## Problem statement
Return the line that has "外研社六下 Module2 Unit1" and all lines below it through the last, exactly as they stand; omit pictures.

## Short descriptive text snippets
Start of Block

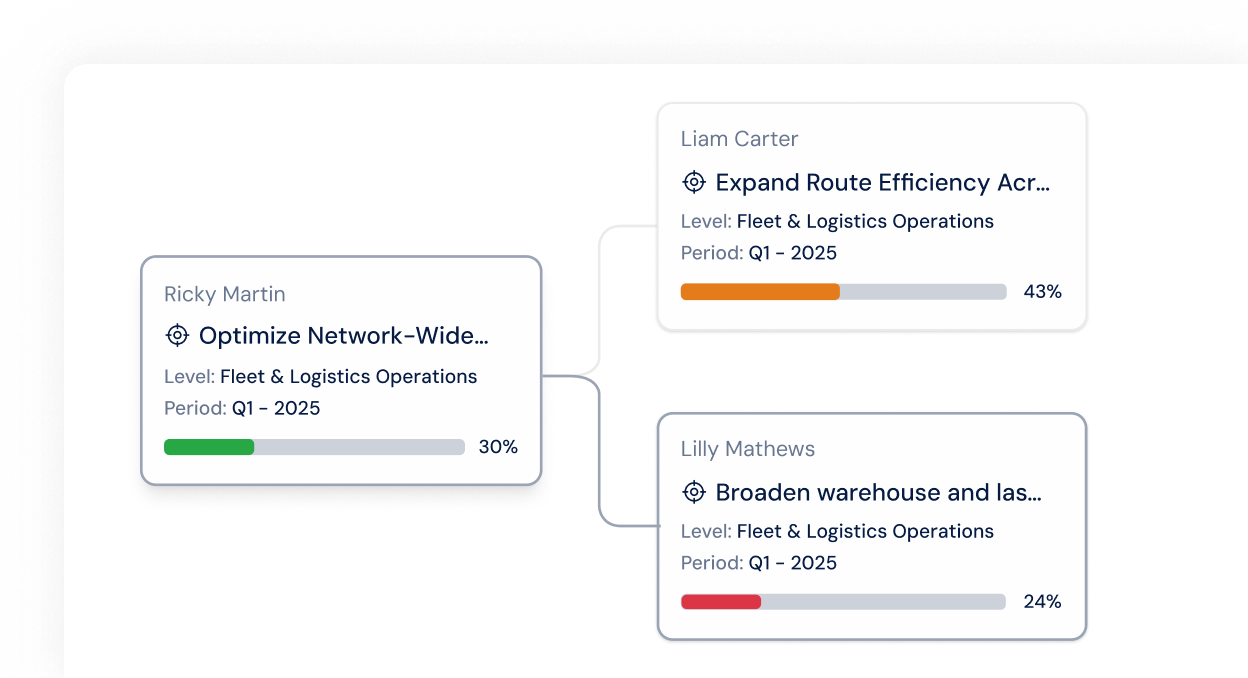 Strategic Alignment Across Operations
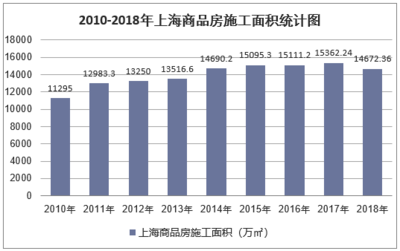 2018年上海房地產開發投資、施工、銷售情況及價格走勢分析「圖」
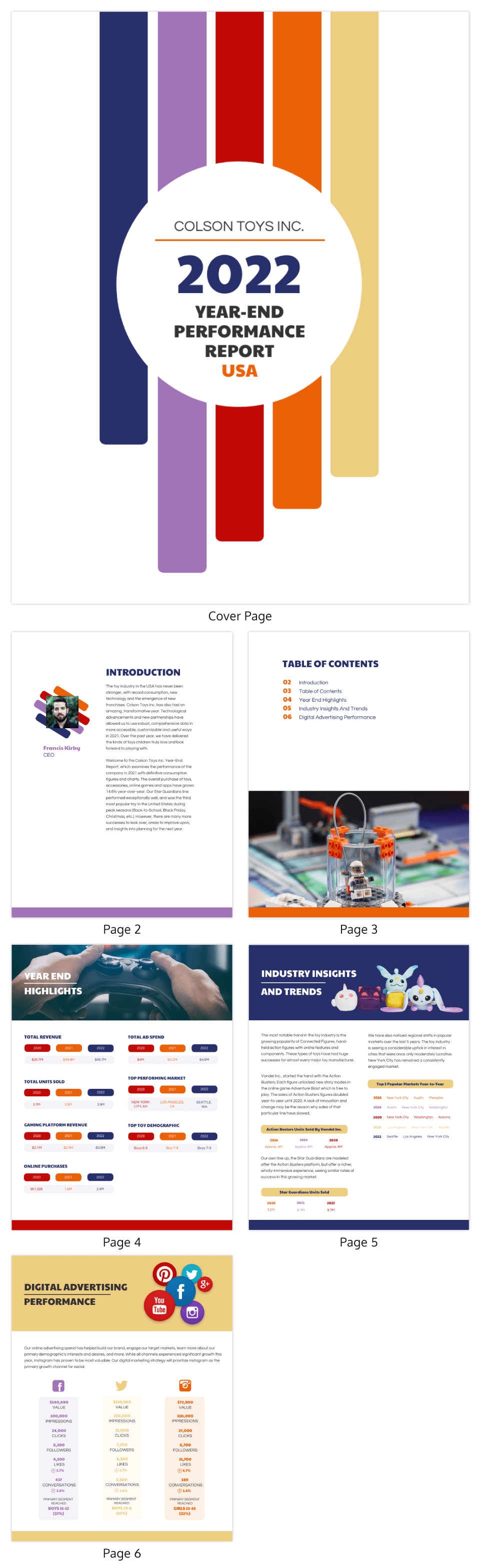 Retro Annual Report Template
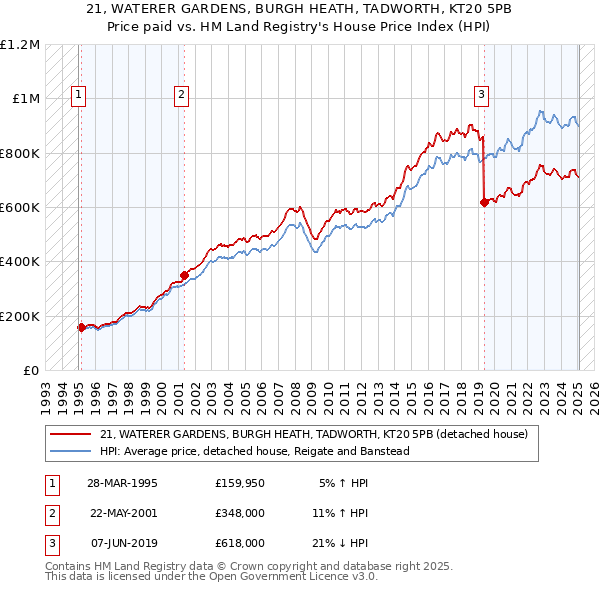 21, WATERER GARDENS, BURGH HEATH, TADWORTH, KT20 5PB: Price paid vs HM Land Registry's House Price Index
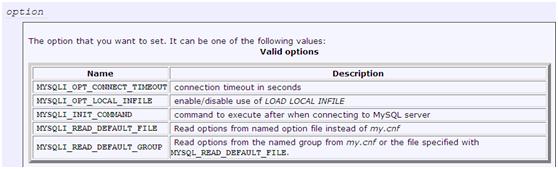 PHP访问MySQL查询超时处理的方法1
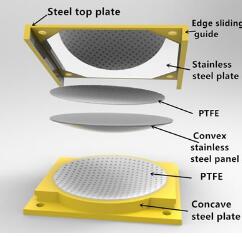 Qz Spherical Fixed Steel Bridge Bearing (made in China)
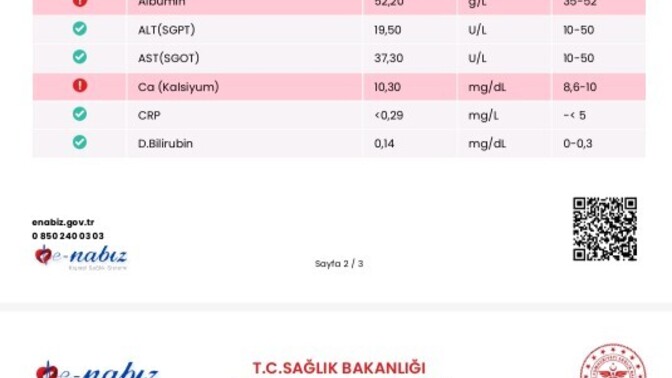 Su zehirlenmesi şikayeti ile doktora gittim normal mi?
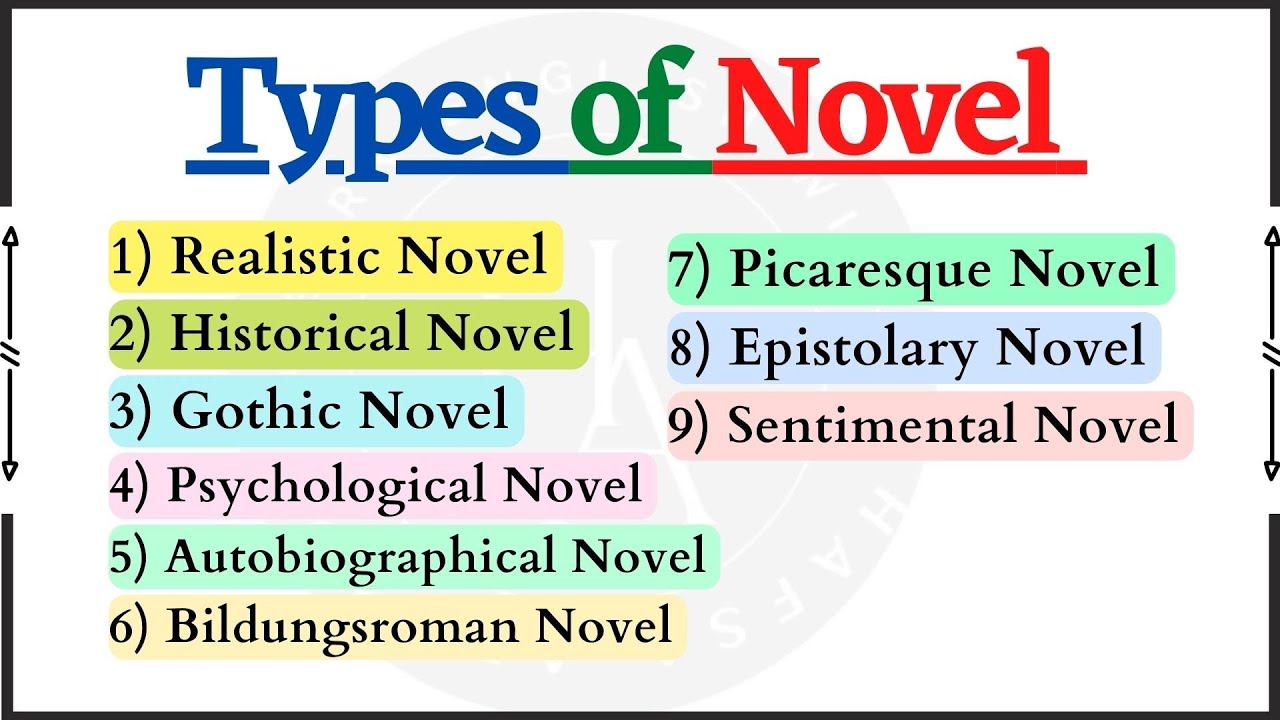 write an essay on the different types of novels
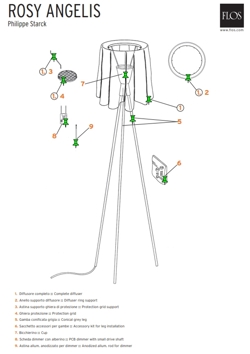 Reserveonderdeel: Rosy Angelis, dimmer-stang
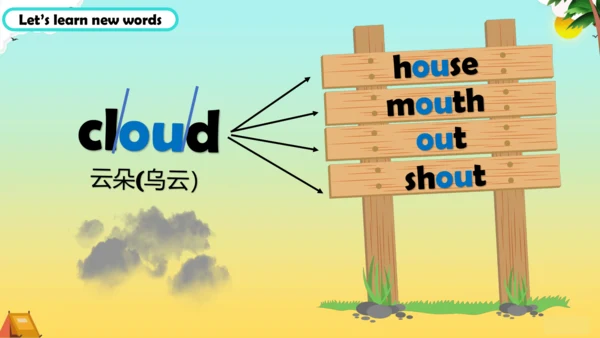 外研社六下 Module2 Unit1 when are we going to eat 课件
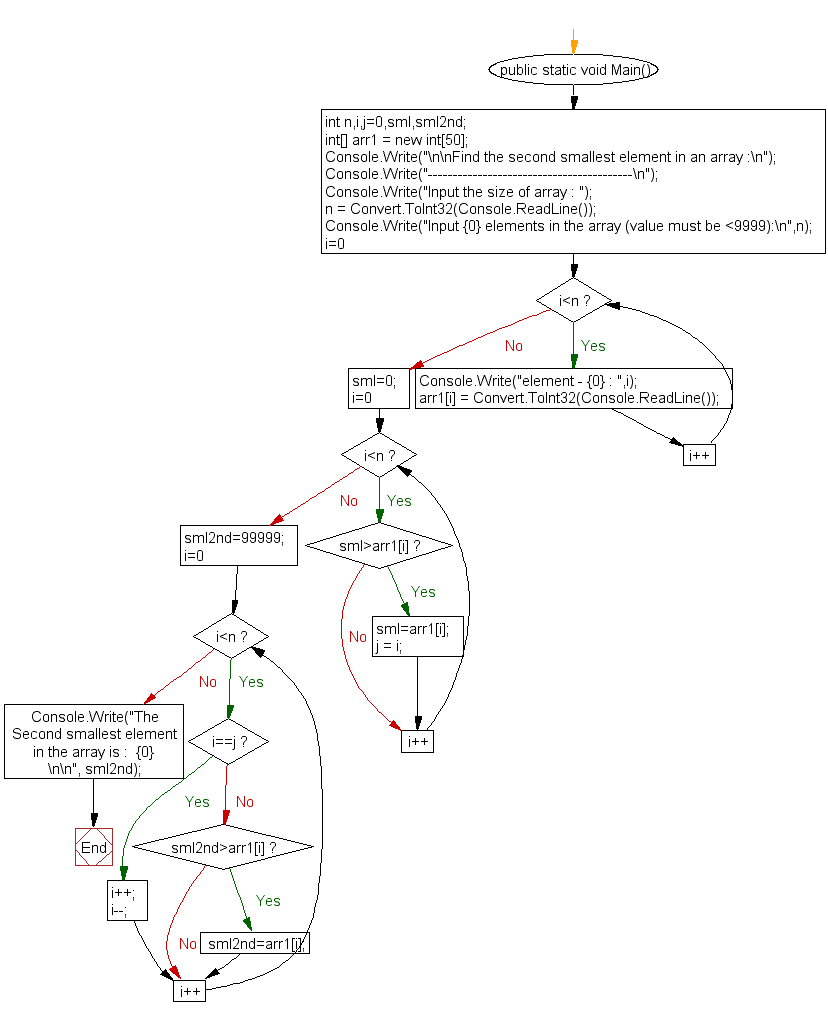 Flowchart: Find the second smallest element in an array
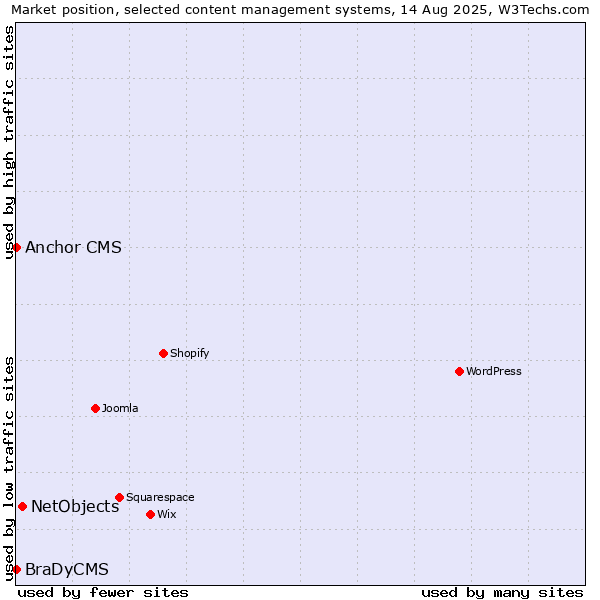 Market position of NetObjects vs. Anchor CMS vs. BraDyCMS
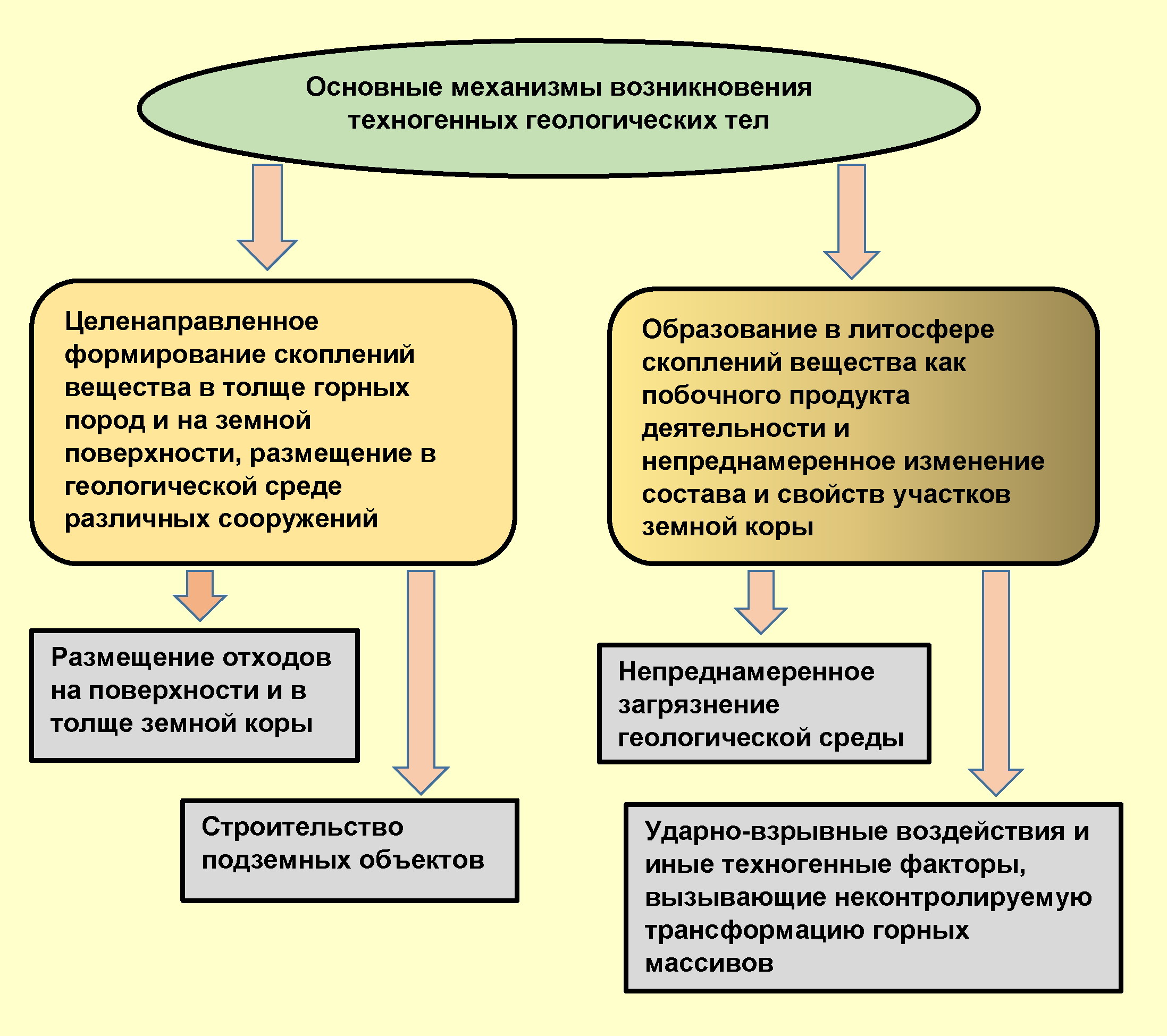 Вторая геология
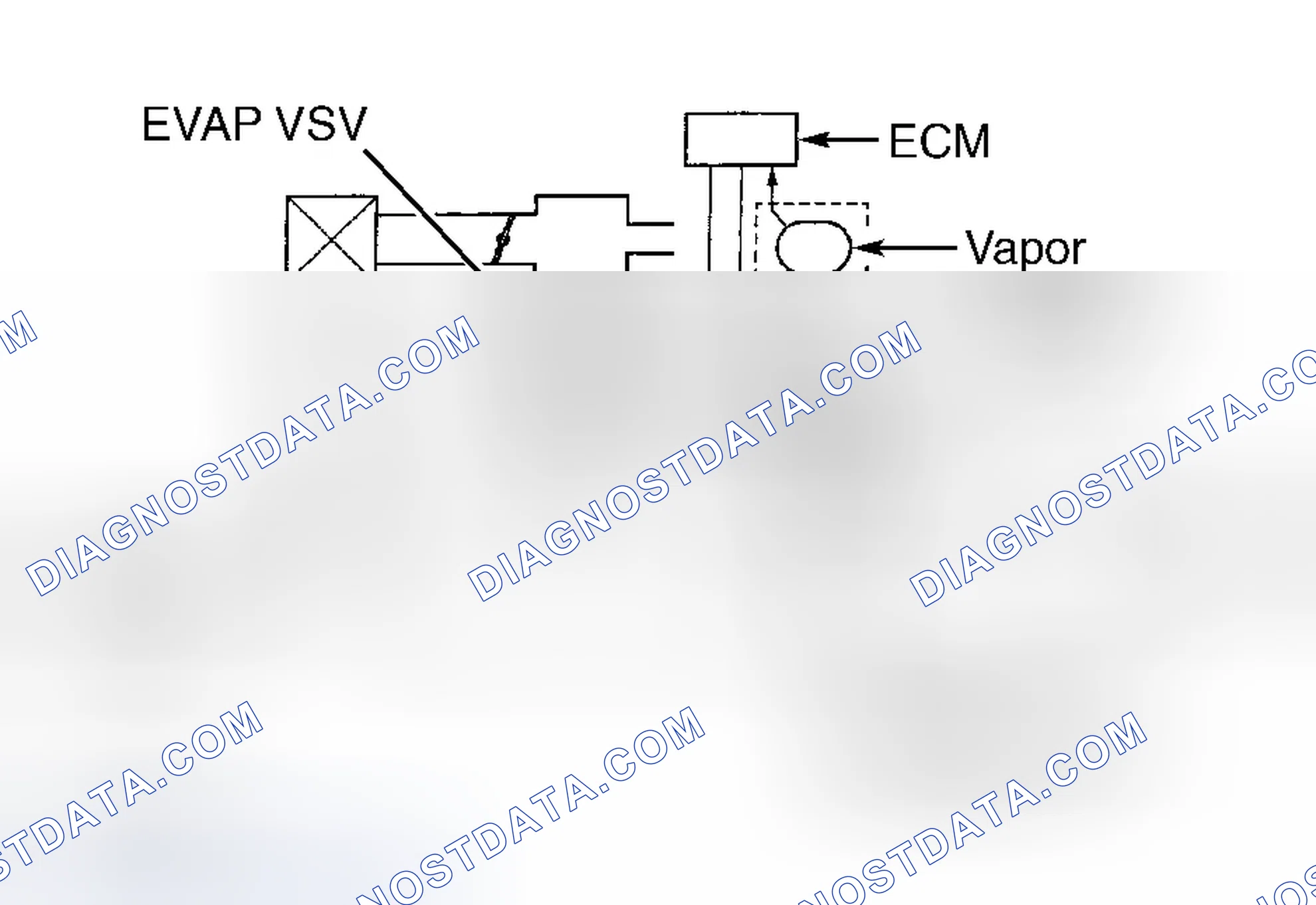 Scheme 52: Vapor Pressure Sensor (Land Cruiser & Tundra)
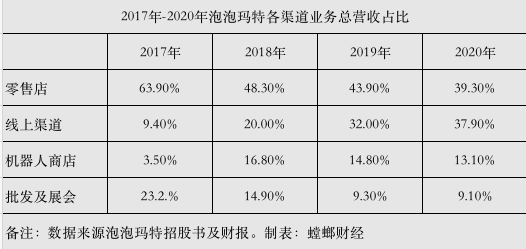 首份财报背后，反向造IP的泡泡玛特复制了自己的成功吗？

End of Block

## Response for this exercise
 外研社六下 Module2 Unit1 when are we going to eat 课件
 Flowchart: Find the second smallest element in an array
 Market position of NetObjects vs. Anchor CMS vs. BraDyCMS
 Вторая геология
 Scheme 52: Vapor Pressure Sensor (Land Cruiser & Tundra)
 首份财报背后，反向造IP的泡泡玛特复制了自己的成功吗？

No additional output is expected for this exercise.